Converting gene_ids from GTF file to common gene symbols
1
0
Entering edit mode
1 day ago
Gus • 0

Hi All,

Long time reader, first-time posting. I have been doing RNA-seq analysis for some time now on non-model species. My pipeline was:

  1. Trim and filter reads with bbduk and trimmomatic
  2. Align to genome with HISAT2
  3. Generate counts with featureCounts
  4. Export counts table and load into R for DEG analysis in EdgeR

I currently have gene count tables that have 1 row for each gene id as it appears in the GTF file (taken from NCBI). The problem is that for one species, Chaenocephalus aceratus, all the gene IDs are really locus tags, and products are listed as hypothetical proteins. I would like to be able to compare expression across all species for common genes. But to do this I need to convert these species-specific gene IDs to more common gene symbols.

I also have a mapping file which contains the protein accession IDs. But this species isn't found on common solutions like David, Entrez, Ensemble, etc.

I also have created a fasta file which contains the genome sequences for all the CDS regions in the GTF file, organized by gene id (locus tags). But I'm unsure how I might use these to identify the genes / create a mapping list for gene ontology analysis, etc.

Any help would be greatly appreciated! I'm posting from my phone, but can provide more specific code snippets / examples as needed.

Thanks!

gene_id GTF symbol • 279 views
ADD COMMENT
2
Entering edit mode

But to do this I need to convert these species-specific gene IDs to more common gene symbols.

Probably not what you want to hear but there are no shortcuts to proper annotation so this is not something you can breeze through.

What you may want to do is to complete your DE analysis with ID's you have. Then take the list of locus ID's that are of interest and then spend some time doing manual annotation (including blast, sequence alignments etc) to see if you can assign gene ID's.

ADD REPLY
0
Entering edit mode

Not trying to breeze through by any means; I've been working on it for quite a while already! But I appreciate the tips. I don't disagree about no shortcuts to proper annotation, but that's a bit outside my current wheelhouse.

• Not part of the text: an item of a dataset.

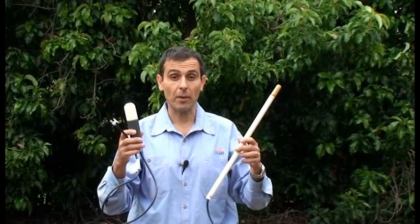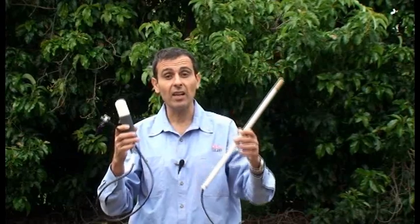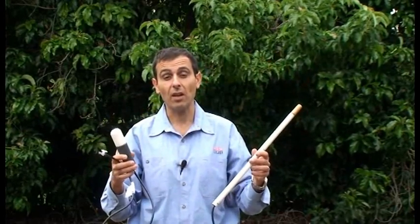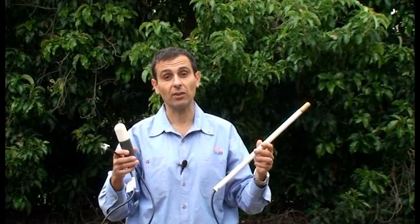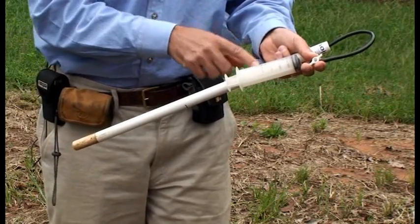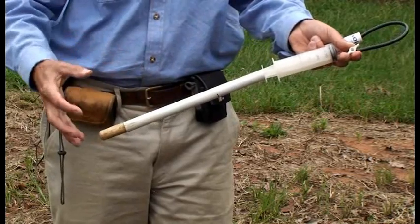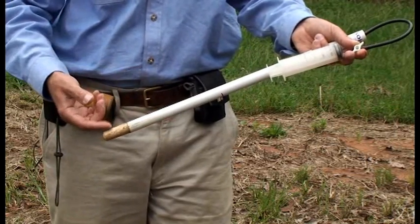There are various types of ceramic samplers on the market, such as this 20 millimetre wide sampler and this 40 millimetre wide sampler, and you can even make your own. The ceramic samplers can be installed at any depth in the soil. To extract a soil solution, air needs to be pulled out of the tube via the syringe. This causes a negative air pressure inside the tube, so over a day or so, soil solution gets pulled into the tube via the ceramic tip.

Complicating the matter is that these genes have been well-annotated by other researchers, and I have their gene descriptions file as an excel file. The issue is that they used different gene ids than what's made available on NCBI. For instance, gene_id "KUCAC02_015422" (from NCBI .gtf) matches with some other gene_id from their annotation .gff3 file, likely gene_id "CAt00007278", which is PiggyBac transposable element-derived protein. When I blast just the protein accession id for this gene, I see the same thing. The NCBI .gtf file has an attribute "orig_transcript_id" with features like "gnl|WGS:JAMFTG|CAt00007278.1". The last string contains the mapping information to the other annotation file, so there is probably a way I can map the gene names from one file to the other.

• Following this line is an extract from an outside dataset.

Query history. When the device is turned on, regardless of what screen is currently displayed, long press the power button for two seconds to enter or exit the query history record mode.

What I'm confused by is why, if the annotation has already been completed, is this information not in the NCBI .gtf? Frustrating! And I received the annotation information from those researchers after I ran my pipeline with the file from NCBI, so all my gene names are of the format KUCAC02_015422, making it difficult to map. Worst case, I suppose I can re-run the pipeline on this species to get the other gene names, then complete the DEG analysis, then assign gene_ids from the excel file I was given with the annotation info.

ADD REPLY
1
Entering edit mode

The NCBI .gtf file has an attribute "orig_transcript_id" with features like "gnl|WGS:JAMFTG|CAt00007278.1". The last string contains the mapping information to the other annotation file, so there is probably a way I can map the gene names from one file to the other.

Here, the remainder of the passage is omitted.